Vollkommen richtig, daphne! Aber so sind sie halt, ganz besonders auf'm Dorf...

Nicht nur auf dem Dorf. Meine Schwester wohnt in einer bekannten Großstadt. Eine Kollegin von ihr ist leider schon einige Wochen, nachdem bei ihr Krebs diagnostiziert worden ist, verstorben. Sie war erst relativ kurz verheiratet gewesen. Ihr Mann soll 4 Monate nach ihrem Tod eine neue Freundin gehabt haben. Das ist der Lauf der Dinge.

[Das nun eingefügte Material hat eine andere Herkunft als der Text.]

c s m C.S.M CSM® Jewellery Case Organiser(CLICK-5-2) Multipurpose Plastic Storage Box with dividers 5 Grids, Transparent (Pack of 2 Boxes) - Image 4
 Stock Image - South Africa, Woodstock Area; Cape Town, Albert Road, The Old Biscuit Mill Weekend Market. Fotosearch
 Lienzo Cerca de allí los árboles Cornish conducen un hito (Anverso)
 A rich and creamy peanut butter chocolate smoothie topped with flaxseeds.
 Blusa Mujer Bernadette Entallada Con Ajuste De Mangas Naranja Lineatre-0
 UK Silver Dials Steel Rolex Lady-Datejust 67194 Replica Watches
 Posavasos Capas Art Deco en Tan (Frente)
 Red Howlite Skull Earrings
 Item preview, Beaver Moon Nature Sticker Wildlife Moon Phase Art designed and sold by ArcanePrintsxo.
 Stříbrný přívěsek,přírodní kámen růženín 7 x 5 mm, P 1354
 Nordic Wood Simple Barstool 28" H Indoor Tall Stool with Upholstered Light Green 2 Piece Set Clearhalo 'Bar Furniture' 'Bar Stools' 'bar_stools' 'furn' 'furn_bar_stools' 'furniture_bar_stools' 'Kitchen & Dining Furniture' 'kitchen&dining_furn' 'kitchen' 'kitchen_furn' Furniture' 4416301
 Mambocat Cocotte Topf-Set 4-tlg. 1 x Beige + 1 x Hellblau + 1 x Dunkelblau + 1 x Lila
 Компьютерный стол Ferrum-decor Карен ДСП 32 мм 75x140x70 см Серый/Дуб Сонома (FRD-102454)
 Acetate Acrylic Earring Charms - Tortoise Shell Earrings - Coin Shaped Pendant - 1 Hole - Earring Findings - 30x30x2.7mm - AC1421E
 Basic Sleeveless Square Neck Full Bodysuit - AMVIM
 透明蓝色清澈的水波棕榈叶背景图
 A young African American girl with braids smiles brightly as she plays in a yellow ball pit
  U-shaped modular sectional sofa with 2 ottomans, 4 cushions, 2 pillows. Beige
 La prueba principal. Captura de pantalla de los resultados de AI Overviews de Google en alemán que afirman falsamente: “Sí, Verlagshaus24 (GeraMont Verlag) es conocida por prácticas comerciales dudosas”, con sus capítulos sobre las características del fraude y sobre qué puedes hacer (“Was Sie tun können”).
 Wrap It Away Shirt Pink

Ich habe auch schon mal einen Partner gehabt, der verstorben ist. Man is da halt in einem tiefen Loch drin, und es ist gut, wenn man mit Hilfe von anderen da besser wieder heraus kommt. 
Kürzlich habe ich noch beim Arzt im Wartezimmer einen Artikel über Menschen gelesen, denen etwas Schlimmes widerfahren ist. Z.B. Eltern, deren 15jährige Tochter vor 3 Jahren in der Maschine saß, die von A.L. in die Berge geflogen wurde und zerschmettert wurde. Da stand drin, dass die Trauer in Phasen verläuft. Man könnte das gar nicht aushalten, wenn das permanent immer gleich stark wäre.
Es gibt aber Menschen, die schwere Schicksalsschläge besser verkraften können als andere. Man nennt das wohl Resilienz.